Better headline: New £200m train station will serve 1.8m yearly passengers, converts wasteful long-term car parking with valuable new homes and businesses, and uses more efficient transportation facilities like drop-off zones and over 1000 bicycle parking spaces.
Some local residents have not been onboard with the lack of car spaces at the new station.
If you need a car to reach the station it’s questionable to claim you’re local.
I’m from the united states Midwest and have Heard people claim to be local to cities while living 20miles away from city limits.
You guys are wild when it comes to distances. I was recently in LA and everyone insisted a 20 minutes car commute classified as “close”. On another occasion, a lady literally told me “You said it was far away. It’s only 50 miles”.
I rode a bicycle 120 miles a few years back just because I felt like it one day.

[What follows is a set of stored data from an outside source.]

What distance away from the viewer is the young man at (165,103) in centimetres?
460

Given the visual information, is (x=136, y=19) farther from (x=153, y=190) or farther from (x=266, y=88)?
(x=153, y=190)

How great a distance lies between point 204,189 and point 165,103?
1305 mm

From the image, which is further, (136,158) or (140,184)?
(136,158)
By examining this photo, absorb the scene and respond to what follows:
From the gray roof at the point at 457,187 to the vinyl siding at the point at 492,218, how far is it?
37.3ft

I’m probably not the best just for what’s considered “reasonable”
That said, it really is the joke/meme “Americans think 100 years is a long time, Europeans think 100 miles is a long distance”

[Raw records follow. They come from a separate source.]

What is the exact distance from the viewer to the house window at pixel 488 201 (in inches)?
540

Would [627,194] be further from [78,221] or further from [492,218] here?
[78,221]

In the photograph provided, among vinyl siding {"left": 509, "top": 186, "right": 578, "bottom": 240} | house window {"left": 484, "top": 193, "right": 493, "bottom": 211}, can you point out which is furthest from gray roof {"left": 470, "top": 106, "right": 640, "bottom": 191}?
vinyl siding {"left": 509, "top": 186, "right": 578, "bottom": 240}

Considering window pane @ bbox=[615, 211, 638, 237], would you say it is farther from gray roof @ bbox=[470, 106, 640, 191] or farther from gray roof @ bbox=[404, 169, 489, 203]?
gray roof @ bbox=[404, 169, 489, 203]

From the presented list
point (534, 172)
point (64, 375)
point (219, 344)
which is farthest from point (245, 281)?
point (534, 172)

Personally, I feel like if I’m more than 3 miles away, I’m not local. I may be “from the area” but I’m not “a local”
Most people I know wouldn’t consider 50 miles to be “close” though in terms of “can I pop over for a quick trip or do I need to plan my day around it”
As for car rides, like… If I’m driving I don’t mind so much because I’m occupied by trying not to die, but as a passenger anything over 5 minutes is not a “quick trip”
Like blind people? Or those who cannot afford a mobility van because a 10 year old used one is priced at $35k? Perhaps you mean those who suffer from seizures?
Let’s focus our limited budget into personal vehicle infrastructure that certainly wouldn’t force these suffering people to drive. It works, bro. Trust me.
Different people have different needs. Some people can’t get around by car unless someone else is driving, myself included. Other people can drive, but can barely walk. If they have nowhere to park, that hurts some disabled people. It’s not like not having somewhere to park magically converts the entire area into an idyllic car-free utopia with trams running every which way.
Not sure what that has to do with anything? The article says there’s spaces for blue badge holders, that’s the UK’s scheme for parking spaces for people with mobility issues.
The people complaining about not having a car park would complain even more if Network Rail built one and then didn’t subsidise the parking charges.
Pretty much how you’d build any train station in a city. Just look at any London train station. Article entirely meant to get ‘petrol heads’ riled up.
Cue the article comments about a war on motorists. Mostly from people who don’t even live there.
I’ve been through Cambridge on the train, and there’s always a shitload of bicycles. Presumably it’s mostly students about who use them locally, because there’s no way you’d actually get more than a handful on the trains themselves.
Presumably they’ve also got security, because if they tried that where I live, some lad with bolt cutters and a balaclava would help himself to the lot and swap it for heroin.
I lived there. It’s not just students. Loads of people commute by bike - it’s the quickest way by a mile. It’s only really recently that the council have done more than pay lip service to cycling, though; until then the local pop cycled in spite of the infrastructure rather than because of it. They have the UK’s biggest cycle park at the main station but it’s basically a shopping centre for thieves (bike theft is really bad all round Cambridge) so I think they’ve brought in a key-only area that you have to pay to use. Same at Cambridge North.